Two alternative policing models might be more effective at detecting guns and preventing crime than the current proactive policing model. The first is empirical proactive policing based on total suspicionless electronic surveillance of people in public places. See Ali Winston, A Chance for Input on 3,000 New Police Cameras, citylimits.org (Mar. 16, 2010) (describing the NYPD’s plan to construct a network consisting of 3,000 cameras, automated license plate readers, and other devices to foster “domain awareness” in lower Manhattan). But see People v. Weaver, 909 N.E.2d 1195, 1199-1203 (N.Y. 2009) (indicating that such total surveillance may violate the New York state constitution). Working with complete and accurate information, the NYPD would presumably be able to construct a better behavioral profile for gun possession by empirically testing commonly held assumptions and then applying this profile evenhandedly. Alternately, NYPD could simply establish checkpoints to randomly search individuals for weapons in areas where there was sufficient reason to suspect individuals might be carrying weapons. See Harcourt & Meares, supra, at 44-50 (arguing for random checkpoint stops to be permitted once a base level of probabilistic suspicion has been satisfied). Contra City of Indianapolis v. Edmund, 531 U.S. 32, 48 (2000) (holding that general crime control checkpoints are unconstitutional). Checkpoints might be as efficient as stops based on individualized suspicion and, unlike stops based on individualized suspicion, they can be predictably allocated to ensure that racial minorities are not over-stopped due to bias. Id. at 45, 48-50 (noting that one drug checkpoint had a hit rate of 4.75%).

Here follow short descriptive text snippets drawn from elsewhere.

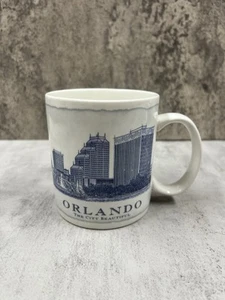 Starbucks 2006 Coffee Mug Orlando Skyline "The City Beautiful" Collectible 18oz - Imagen 1 de 5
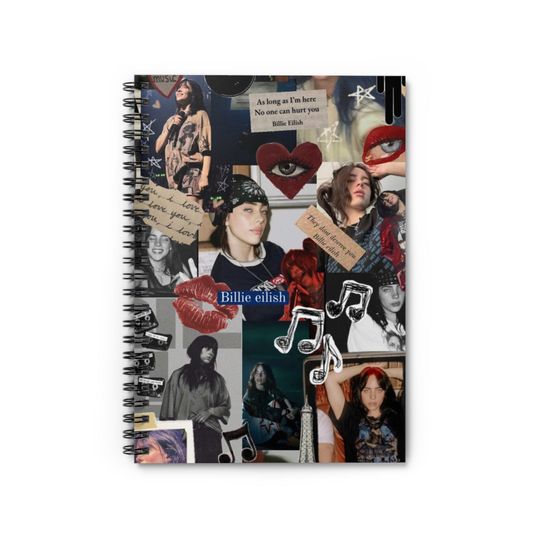 Billie Eilish Spiral Notebook - Ruled Line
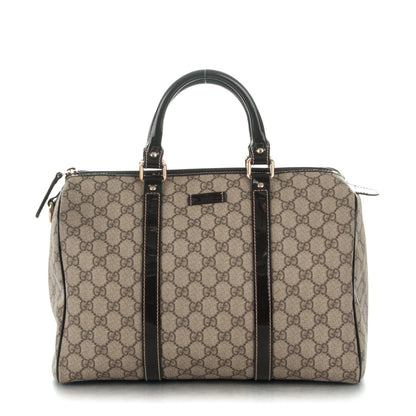 Gucci GG Plus Monogram Medium Joy Boston Dark Brown 1 of 7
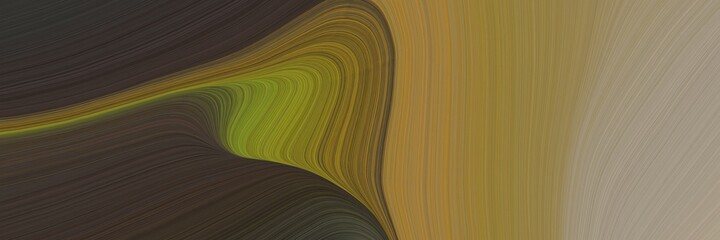 Poster - abstract modern banner with pastel brown, very dark blue and rosy brown colors. fluid curved lines with dynamic flowing waves and curves for poster or canvas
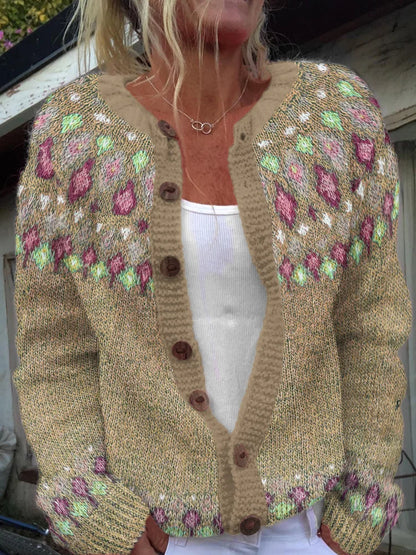 Comfortable Oversized Open Cardigan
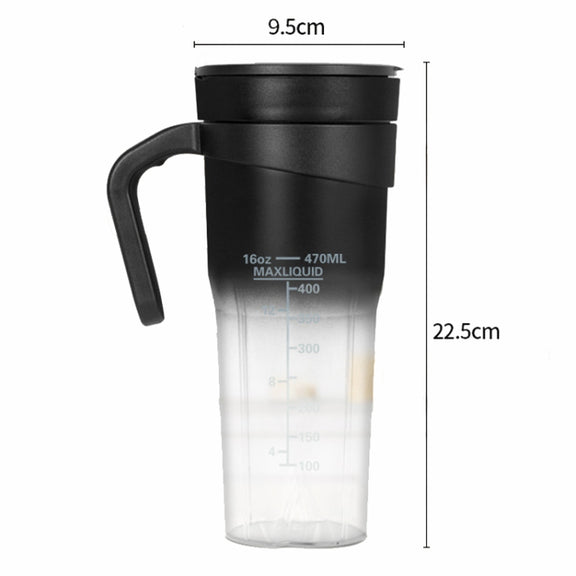 Portable Mini Electrical Extractors USB Charging Multifunctional Juicer(White)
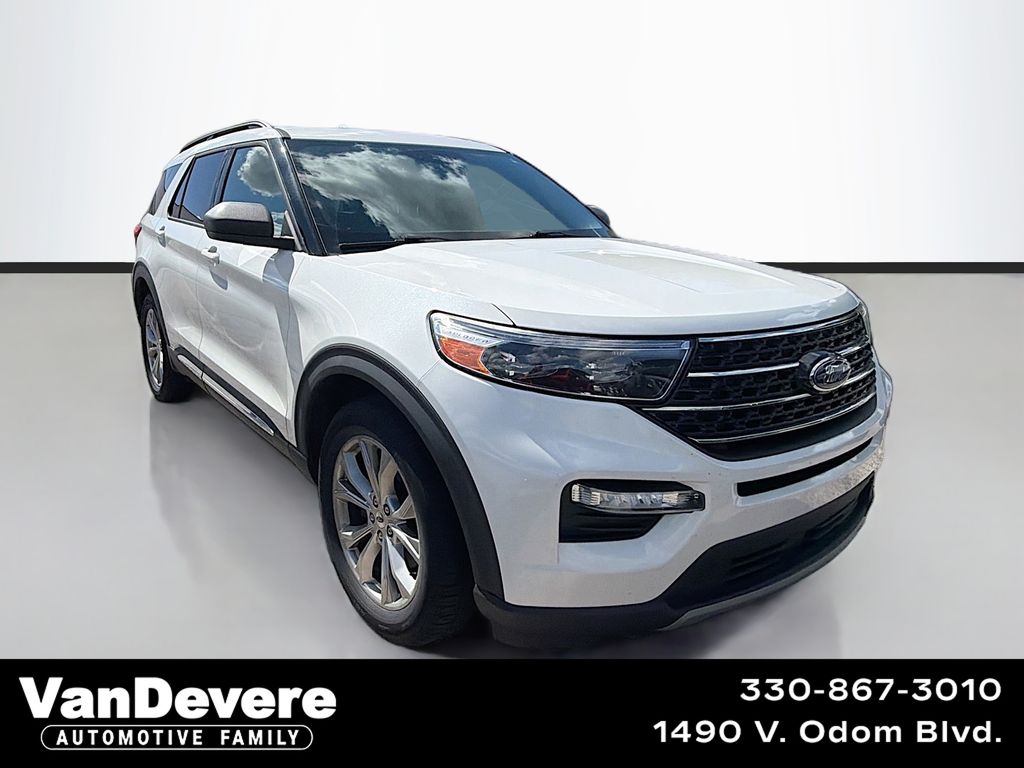 White Metallic 2020 Ford Explorer SUV / Crossover All-Wheel Drive Automatic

Consideration of these two unpalatable (if not unconstitutional) alternatives is instructive because it demonstrates how current patterns of enforcement should be altered. First, established assumptions regarding what, if any, behaviors are indicative of gun possession need to be detailed and empirically tested through observational study. Second, until such time as proactive policing focused on weapons possession can be made significantly more efficient, it must be curtailed due its intolerable disparate impact. CCR Release, supra (“From 2005 through 2008, approximately 80 percent of total stops made were of Blacks and Latinos”).